Das Wissen über institutionalisierte Hilfen ist nicht selbstverständlich
Das kann dazu führen, dass Deutsche einem Mitmenschen nicht selbstverständlich persönliche Hilfe anbieten, weil die Zuständigkeit dafür bei den entsprechenden offiziellen Stellen gesehen wird. Dabei gehen sie davon aus, dass die hilfesuchende Person den Weg zum entsprechenden Amt oder Hilfsangebot selbst kennt, sodass eine Unterstützung nur nötig erscheint, wenn explizit darum gebeten wird:
"Ja diese Selbstständigkeit ist immer so ein Thema. Deutschland
ist -, vom Kindergarten [an] wird das vermittelt halt, dass jeder
selbstständig sein muss. Und natürlich man wird auch begleitet,
aber danach ist es auch Schluss, ne? Du hast auch nicht immer
jemand, der mit dir läuft oder dich hinbringt oder erklärt. Du
musst selber was rausfinden und das Ziel erreichen und so weiter.

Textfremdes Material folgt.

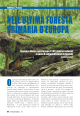 nell`ultima foresta primaria d`europa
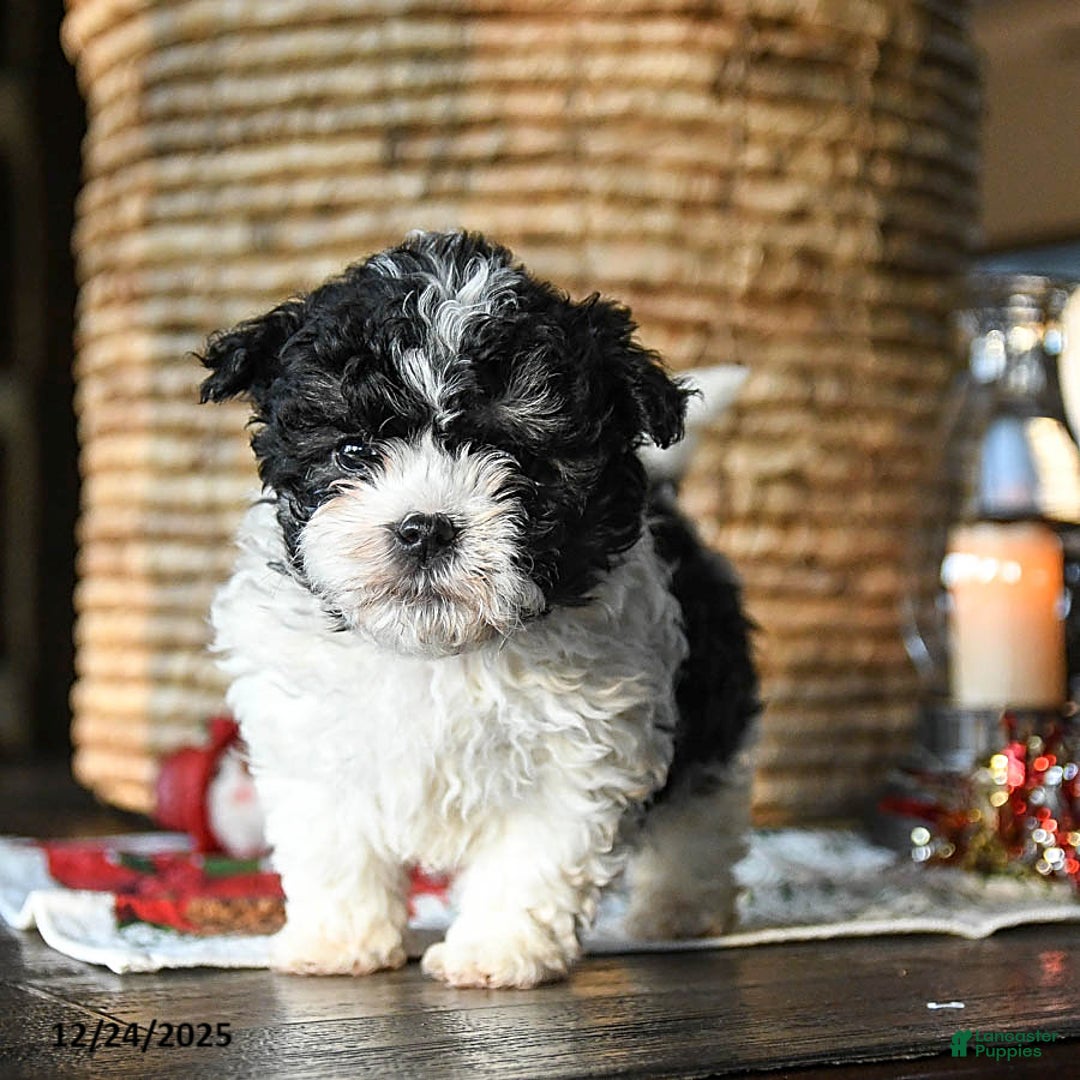 Shihpoo dogs for sale: Grover - Ad 1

Das ist so eine andere Einstellung überhaupt. Also, ich merke
verschiedene Ebenen, auch Mütter mit ihren Kindern in der Schule,
Freiwillige in der deutschen Gesellschaft oder Leute die hier neu
arbeiten in der Ausbildung oder auf dem Arbeitsplatz. Da merke ich
schon, dass die Leute erwarten, Hilfe erwarten sozusagen, aber in
Deutschland ist es nicht so. Ja, wenn du fragst, du was brauchst,
sind die Leute nett und helfen dir auch. Aber du musst dich selber
bewegen." (E4)
Freiwilligenarbeit zugänglich machen
Auch den Bereich der Freiwilligenarbeit und das, was er für die
freiwillig Tätigen selbst eröffnen kann, muss man erst einmal
kennen. Deshalb kann sie ihren integrativen Charakter oft nicht
ausschöpfen. Dabei bietet Freiwilligenarbeit viel integratives
Potenzial, wie die Möglichkeit der impliziten Sprachförderung, die
Chance Kontakte zu knüpfen, die Vorteile für den
Einbürgerungsprozess oder die Gelegenheit, Kompetenzen zu erwerben
und zu stärken. Eine entscheidene Brücke kann geschlagen werden,
wenn leicht zugängliche und zielgruppengerechte Informationen an
entsprechende Schlüsselpersonen und -Stellen gegeben und so
innerhalb der Community verbreitet werden.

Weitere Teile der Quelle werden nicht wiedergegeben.